2.22. Powers of Attorney. All powers of attorney granted by the Company and currently in effect (except for ad judicia powers of attorney) are listed in Schedule 2.22 hereto.
2.23. Bank Accounts. All bank accounts opened and maintained by the Company are identified in Schedule 2.23 hereto.
2.24. Matters Disclosed. Each representation and warranty to Purchaser stated in Sections 2.1 through 2.23 above (“Warranties”) is to be read down and qualified by any information:
(a) disclosed to the Purchaser by the Sellers in writing on or before the Closing Date during the course of the due diligence investigation conducted by the Purchaser; and


 

- 21 -

(b) which was, prior to the Closing Date, otherwise within the actual knowledge of the Purchaser
and that is inconsistent with that Warranty and, to the extent that any Warranty is incorrect or misleading having regard to any such information, that Warranty is deemed not to have been given to the extent of such inconsistency.

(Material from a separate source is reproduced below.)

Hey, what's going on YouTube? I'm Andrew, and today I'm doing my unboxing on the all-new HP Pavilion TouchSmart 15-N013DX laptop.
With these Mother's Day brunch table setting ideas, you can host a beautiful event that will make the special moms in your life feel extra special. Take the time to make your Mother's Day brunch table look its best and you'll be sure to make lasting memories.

2.25. Purchaser’s Acknowledgement. The Purchaser acknowledges and agrees that in entering into this Agreement, the Purchaser had relied on the Warranties only, and not on any other statement, representation, warranty, condition, forecast or other conduct which may have been made by or on behalf of the Sellers.

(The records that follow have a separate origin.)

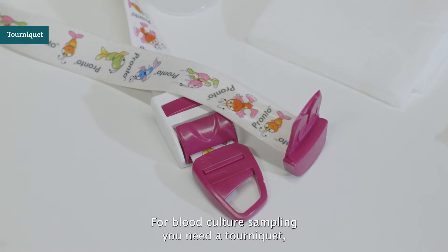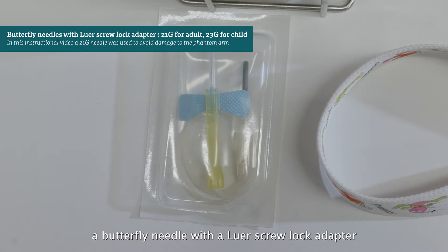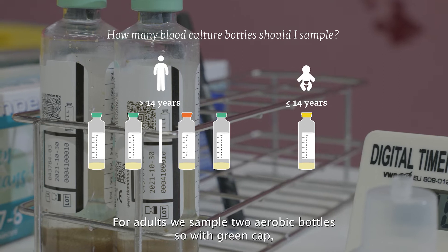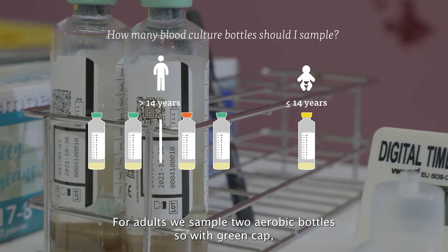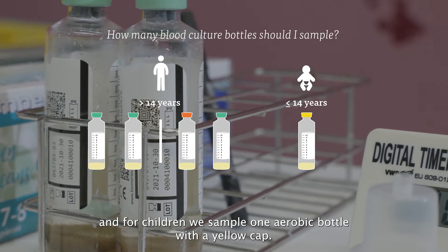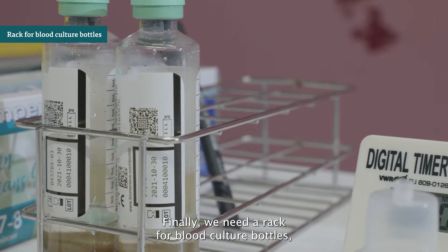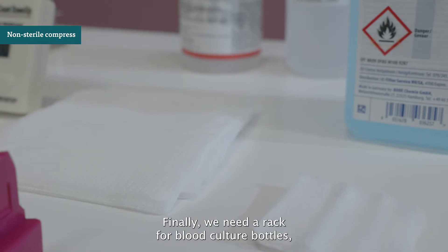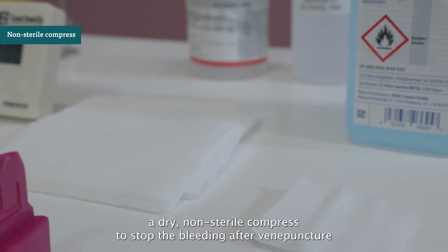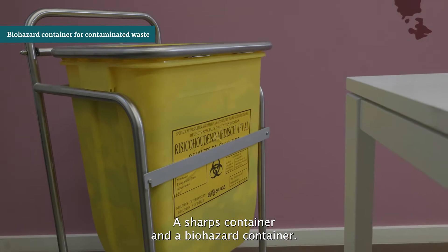For blood culture sampling, you need a tourniquet, a butterfly needle with luer screw lock adapter, and a blood culture holder. For adults, we sample 2 aerobic bottles with green caps. For children, we sample 1 aerobic bottle with a yellow cap. Finally, we need a rack for blood culture bottles, a dry non-sterile compress to stop bleeding after venipuncture, a bandage, a sharps container, and a biohazard container.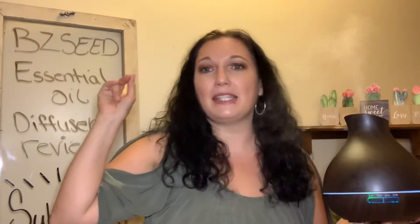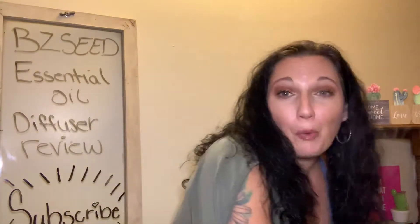This is the BZ Seed Essential Oil Diffuser — they sent it to me for review and I love it. I would definitely purchase it. I will leave all the information in the description box down below. Thank you for watching this review and thank you for staying tuned. If you are a subscriber, thank you so much — I greatly appreciate your support. If you are not, please consider subscribing.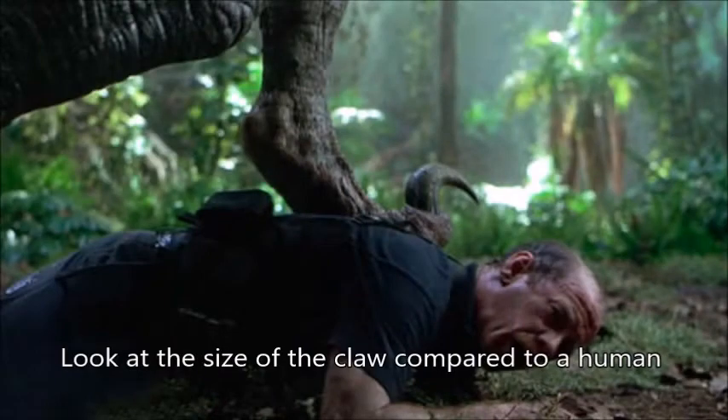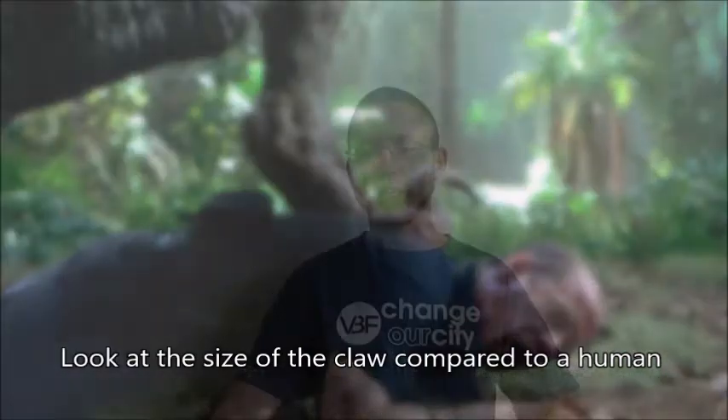I have the Velociraptor Sickle Claw here — the very tip of it broke off because I dropped it while checking it out, so it would be just a tiny bit longer. I'm going to put up a picture of what the claw in the Jurassic Park movies looks like. Now let me show you what an actual Velociraptor Killing Claw looks like — the size of it. It's that big.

SECTION 3. — REPRESENTATIONS AND WARRANTIES OF THE PURCHASER AND IFH
The Purchaser and IFH hereby represent and warrant to the Sellers as follows:
3.1. Organization. The Purchaser is a Brazilian limitada duly organized under the laws of the Federative Republic of Brazil.
3.2. Power and Authorization. The Purchaser has full power and authority to enter into this Agreement, to perform its obligations hereunder and to consummate the transactions contemplated hereby. The execution and delivery of this Agreement by the Purchaser and the performance of its obligations hereunder have been duly authorized by all necessary corporate acts on the part of the Purchaser. No other action is necessary to authorize the execution, delivery and performance of this Agreement by the Purchaser.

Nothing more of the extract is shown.